When you notice context drift or rot, the fastest fix is a fresh session with a curated handoff:

# Handoff prompt (paste into new session)

## What we built in the last session
- Added `PaymentService.processTransfer()` with idempotency key check
- Fixed NPE when `recipientId` is null (added null check on line 42)
- All existing tests pass; new test `testIdempotentTransfer` also passes

## Current state
- Files modified: PaymentService.java, PaymentServiceTest.java
- Build status: GREEN ✅

## Next task
Add rate limiting to `processTransfer()` — max 10 calls per minute per sender.
Use our existing Redis rate limiter at `infrastructure/RateLimiter.java`.

This costs ~200 tokens instead of carrying 50,000 tokens of old conversation history.

Scoped Prompting

A scoped prompt constrains the agent's blast radius — it tells the agent explicitly what it may and may not touch:

❌ Unscoped: "Refactor the payment module"
   → Agent rewrites half the codebase, touches files it shouldn't

✅ Scoped: "In PaymentService.java only, extract the validation logic
   on lines 45-78 into a private method called validateTransfer().
   Do NOT touch any other file. Run the tests after."
   → Agent makes exactly the surgical change requested

Scoping vocabulary:

Constraint	Example
File scope	"Only modify `PaymentService.java`"
Line scope	"Only the `processTransfer()` method, lines 45–120"
Library scope	"Do not add new dependencies — use only existing imports"
Approach scope	"Do not use Lombok. Do not use reflection."
Size scope	"This should be a 10–20 line change, not a full refactor"

Context-Aware Prompt Patterns

Situation	Pattern to use
Starting a new feature	"Based on AGENTS.md and our project structure, implement X"
After a long debug session	"Reset. Summary: [2-line summary]. New task: Y"
Agent contradicts itself	"Stop. Earlier you said [X]. The correct constraint is [X]. Continue with Z."
Agent touching wrong files	"Do not modify [files]. Only work in [scope]."
Agent producing wrong style	"This violates our convention. Revert and redo using [specific pattern]."
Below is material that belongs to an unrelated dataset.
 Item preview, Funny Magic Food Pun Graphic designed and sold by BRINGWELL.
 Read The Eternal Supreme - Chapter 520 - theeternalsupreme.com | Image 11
Context Engineering Interview Questions

Question	Strong Answer
What is context rot?	Gradual degradation of agent reasoning quality as context fills up — the model attends less precisely to early tokens. Fix: proactive compaction at 60–70% capacity.
When do you use a subagent?	When a subtask is independent enough that it doesn't need the parent's full history. Subagents prevent context pollution and keep the orchestrator lean.
Compaction vs. summarization?	Compaction = reducing tokens (includes summarization + verbatim deletion). Summarization is one technique — using an LLM to condense old history. Verbatim deletion is another — removing stale tool results without summarizing.
What is the token tax?	The compounding cost of re-sending full conversation history at every inference step of an agentic loop. Compounds 60× from step 1 to step 20.
How do you implement model routing?	Map each node in the agentic graph to the cheapest model tier that can handle it. Planning → frontier. Tool call formatting → fast model. Can reduce costs 40–85%.
What should go in AGENTS.md?	Tech stack constraints, build/test commands, active coding standards, current task context, and safety rules. Keep it lean — only active, relevant constraints. Bloated AGENTS.md is context pollution.